Rencontre entre Paul Biya et John Fru Ndi : une politique d’ouverture

Le chef de l’État Paul Biya a profité d’une visite officielle à Bamenda dans le Nord-Ouest du pays dans le cadre des festivités marquant la célébration du Cinquantenaire de l’Armée camerounaise, pour accorder le 10 décembre dernier, plusieurs audiences à des grandes personnalités politiques, administratives, religieuses, etc. dont John Fru Ndi, leader du Social Democratic Front (SDF), le principal parti d’opposition au Cameroun. Cette rencontre qui s’est faite dans ce qui est considéré comme le fief du Chairman du SDF qui a toujours été aperçu par de nombreux Camerounais, comme l’adversaire irréductible du président Paul Biya, est une première entre les deux hommes. Il s’agissait en effet, de leur première rencontre en vingt ans d’opposition ouverte et difficile. Ce tête-à-tête historique a duré une trentaine de minutes au cours desquelles le président Biya et son hôte ont eu un échange que ce dernier a, de ses propres mots, qualifié de franc et sincère.

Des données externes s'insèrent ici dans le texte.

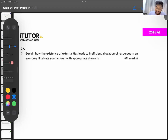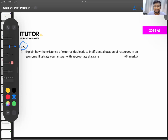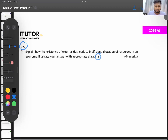The 2016 A-level paper, question number seven: explain how the existence of externalities leads to inefficient allocation of resources in an economy, and illustrate your answer with appropriate diagrams. They are not being specific on which one to draw, so you have to draw all four.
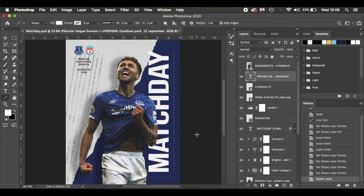Hello everyone and welcome to this latest tutorial — a match day image tutorial, very simple to do, aimed at beginners. If you are more advanced, please watch along if you want to learn some new techniques. With the SPL starting on Saturday after a long layoff and the Premier League restarting in a few weeks, match day images are quite popular on social media, so that's what I thought I would cover today.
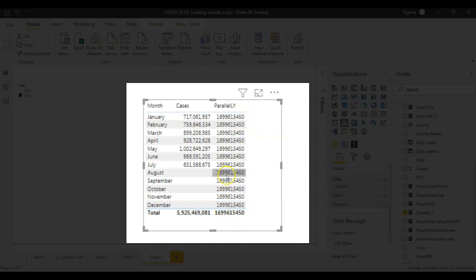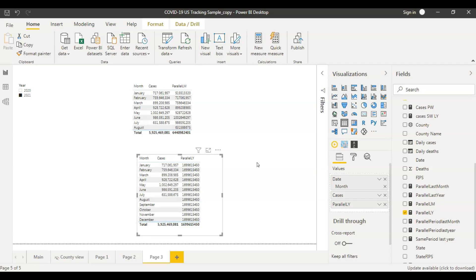If you look here, the Parallel Period Last Year values are all the same — they are not different for each month, and this is an issue. Because if you consider the parallel year for 2021, the parallel year would be 2020, not the individual months. That is why PARALLELPERIOD is giving you results for the complete 2020 year — it's not dividing month-wise. This is actually the functionality of PARALLELPERIOD: it considers the entire year. For 2021, the parallel period is 2020, and for January, the parallel period in the previous year would be January 2020. So it's doing the right thing, but this is not what we want to see.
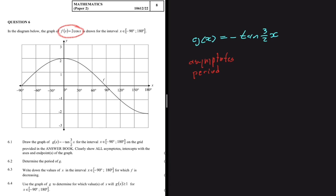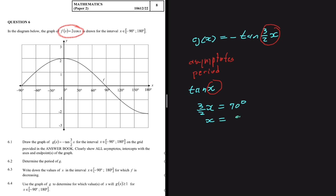Let's focus on the asymptotes. For tan(x), the asymptote is at 90° plus the period, and at -90° minus the period, and so on. But here we don't have tan(x) — we have tan(3/2 · x). So to find the asymptotes of our new graph, we set 3/2 · x = 90°, since normally we set x = 90°. Solving for x gives x = 90 ÷ (3/2).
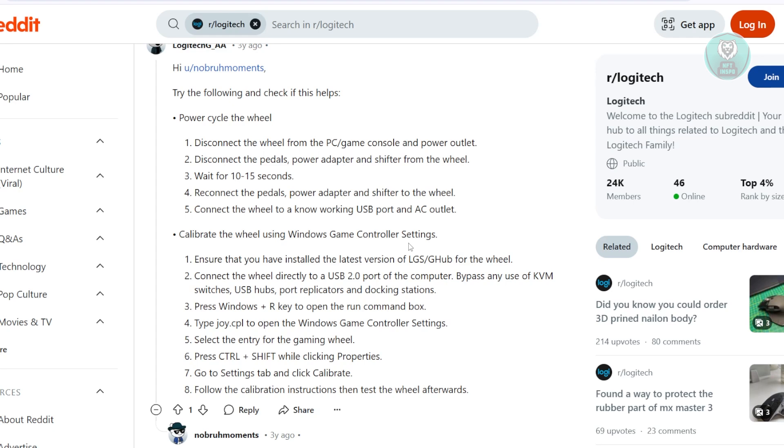So the first thing you could do here is to basically do a soft reset, meaning draining the power from the actual device. So you want to go ahead and disconnect the wheel from your PC or game console. But in this case, go ahead and disconnect it from your PC, and you want to also disconnect the pedals and power adapter and shifter from the wheel itself.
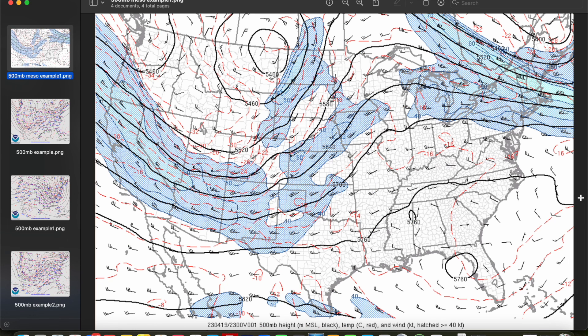Alright, that's going to do it for this episode on the 500 millibar map. In our next episode, we'll close out our journey upward into the atmosphere by diving into the 300, 250, and 200 millibar maps, so be sure to stay tuned for that. Thanks for watching and we'll see you in the next video.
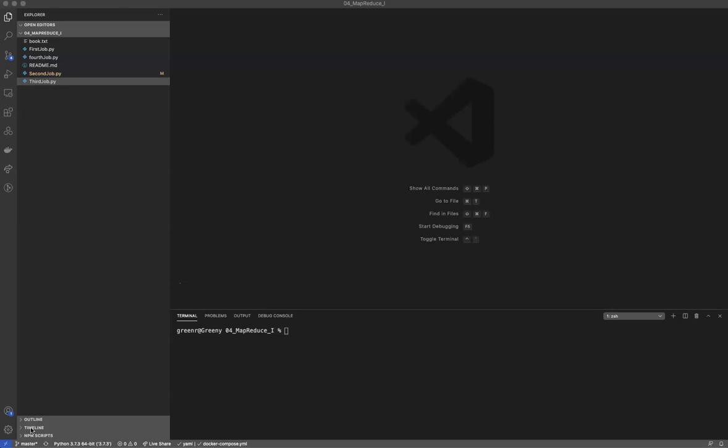Hey everybody, Dr. Green here. Today's video is going to be a quick overview of running multi-step jobs in MapReduce.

Le chef de l’État a donc voulu, avec ce geste hautement symbolique, calmer le jeu avec l’opposition avant de rentrer dans la campagne électorale en vue de la Présidentielle prévue dans le dernier trimestre de 2011. Il y a encore quelque temps, cette rencontre n’aurait même pas été envisageable, notamment à cause des prises de position assez extrémistes de John Fru Ndi qui a bâti sa carrière et sa réputation politique sur la contestation de la politique du président Biya. Comme lorsqu’il s’est opposé à la mise en place d’Élections Cameroon au point même d’appeler les Camerounais à ne pas s’inscrire sur les listes électorales, alors que l’ensemble de la classe camerounaise y compris son propre parti, réclamait la création d’une structure indépendante pour gérer les consultations électorales. Ce geste paradoxal lui a d’ailleurs valu la défection et le désaveu de quelques poids lourds de son parti dont Kah Walla, ancienne responsable de la stratégie du SDF.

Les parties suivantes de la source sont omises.